A minor further refinement of english is necessary

Author Response

1. The authors have answered most of my queries. But it would be better if they address the below mentioned comments too.The current tables mention findings from cell, animal and human studies within the same rows which is a bit confusing. In my view, its better to organize the tables into separate preclinical and clinical sections.

 

• We thank the reviewer for this suggestion. We believe that the information included in the Table, as recommended by Reviewer 2 during the first round of revision, is indeed valuable for the readers. It clearly specifies the experimental context from which the presented evidence originates. We agreed with this comment, and in our view, the information provided is complete, informative, and well-aligned with the scope of the proposed review.

 

2. Please strengthen discussion on technical variability and limitations of ncRNA biomarkers. I understand it’s a narrative review. But this would strengthen the MS.

• We thank for the helpful comment. We provided an additional paragraph in the section 3 (lines 416-444) explaining the current limitations for using ncRNA measure as reliable biomarkers. We added relevant references on the matter, focusing on miRNAs which are to date the more extensively tested ncRNAs to be used as biomarkers for disease progression as well as therapeutic effects of molecules in general. We hope the text provided will indeed strengthen the manuscript.

 

3. A minor further refinement of english is necessary

• We thank the reviewer for thorough assessment of English language usage. The manuscript has been thoroughly checked for grammatical accuracy, clarity, and stylistic consistency. In particular, the usage of tenses (present perfect instead of simple past as appropriate) has been assessed and made consistent through the paragraphs. Please find the grammatical corrections highlighted in yellow with red text, in order to distinguish them from the amendments to the text made in the first round of revision.

Reviewer 5 Report

Comments and Suggestions for Authors

Author has done significant improvement, it can be accepted.

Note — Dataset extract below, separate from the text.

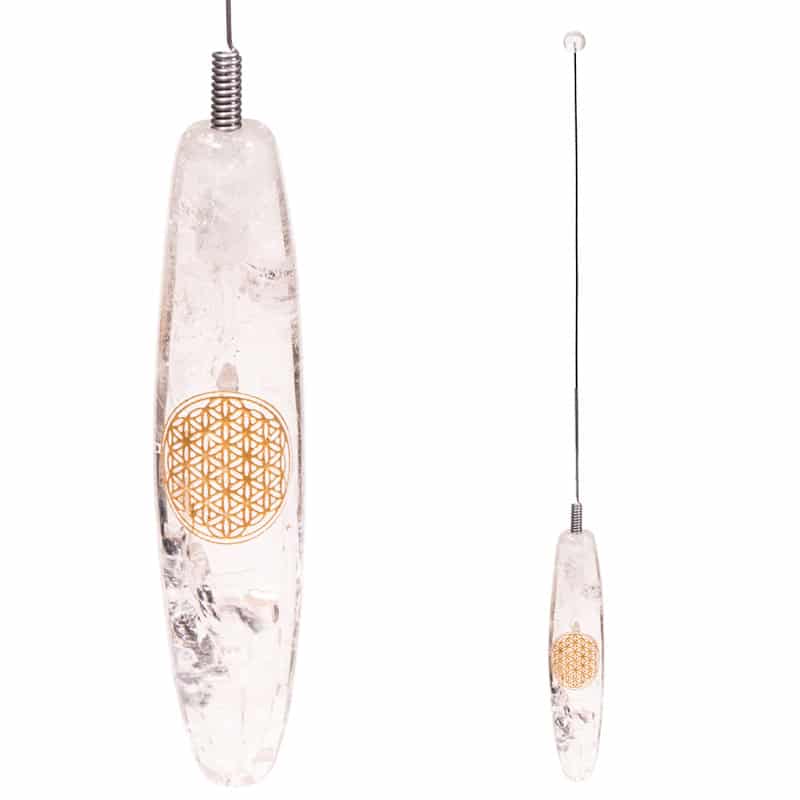 Biotensor with Spring steel Spriet - Handle Mountain Crystal - Flower of Life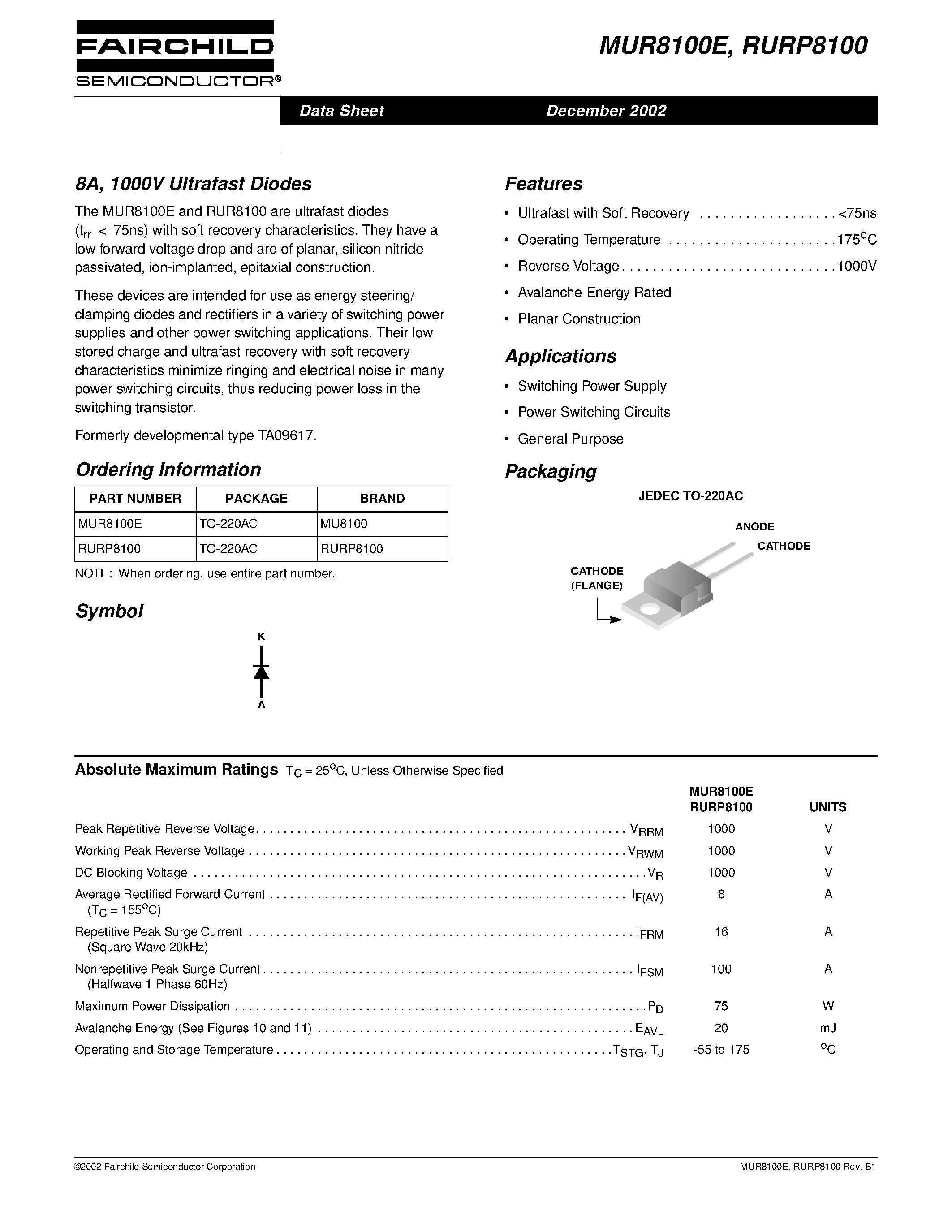 Даташит MUR8100E - (MUR8100E / MURP810) 8A / 1000V Ultrafast Diodes страница 1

Comments on the Quality of English Language

May be improved.

Author Response

1. Author has done significant improvement, it can be accepted.

- We thank the reviewer for acknowledging our effort to improve the quality of our manuscript. 

Comments on the Quality of English Language

1. May be improved.

- The manuscript has been thoroughly checked for grammatical accuracy, clarity, and stylistic consistency. In particular, the usage of tenses (present perfect instead of simple past as appropriate) has been assessed and made consistent through the paragraphs.